This years MOT was fine, slightly higher HCs than I'd like but less than half the limit IIRC, nothing noteworthy about the CO or lambda numbers, both easy passes.

The MOT before, under previous ownership, a 'slight exhaust leak from front' was an advisory. Guess this is what I've just found.  I disconnected the front pipe from the maniverter and released the front rubber support, hoping I could drop it down a bit and examine all around the flexi for cracks or whatever.  As soon as it was free at the front end though, I found I could unexpectedly rotate the thing. Turns out it's the rear end of the flexi that's come away (red arrow shows the separated bits):

 

20150816_172933.jpg

 

 

 

 

A shot from further away for the bigger picture:

20150816_173722.jpg

 

As this pipe contains the main cat and the rear oxygen sensor which is probably well 'bedded in' there by now, I'm reluctant to write off the whole front section, genuine's gonna be big bucks, pattern might be nasty/loud/poorly-catted.

 

Worth trying a bolt in repair flexi?

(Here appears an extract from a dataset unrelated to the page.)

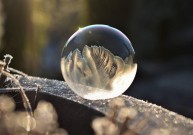 Що буде, якщо залишити мильну бульбашку на морозі?
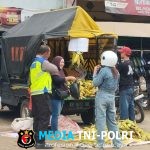 Personel Polsek Mempawah Hulu Pantau Situasi Pasar Karangan Jelang Pergantian Tahun Baru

Like this? I'm a bit doubtful because of the closeness of the hanger bracket, and the funky angle that's incorporated into the OEM pipe, shown by the two horizontal-ish red lines in the first photo, and easily visible in the second.

 

Better to take the whole thing off and get a replacement flexi section welded in, presumably?

 

 

Thoughts?

Ta. :)

Ive changed two of these now.

 

One on a BBY and one AUB. as im sure you know come as a downpipe + flexi + cat system.

 

£80 for a patent part from ECP but the Cat obviously wont be of an OE quality.

 

 

If i could weld i would remove the pipe from the car, measure the Flexi size (Outer D, Inner D and lengh) then buy a new flexi at just weld that in. (as you have said)

 

 

Or just put a bake bean can over it to seal it up. im sure its not an MoT failure if it were to be done.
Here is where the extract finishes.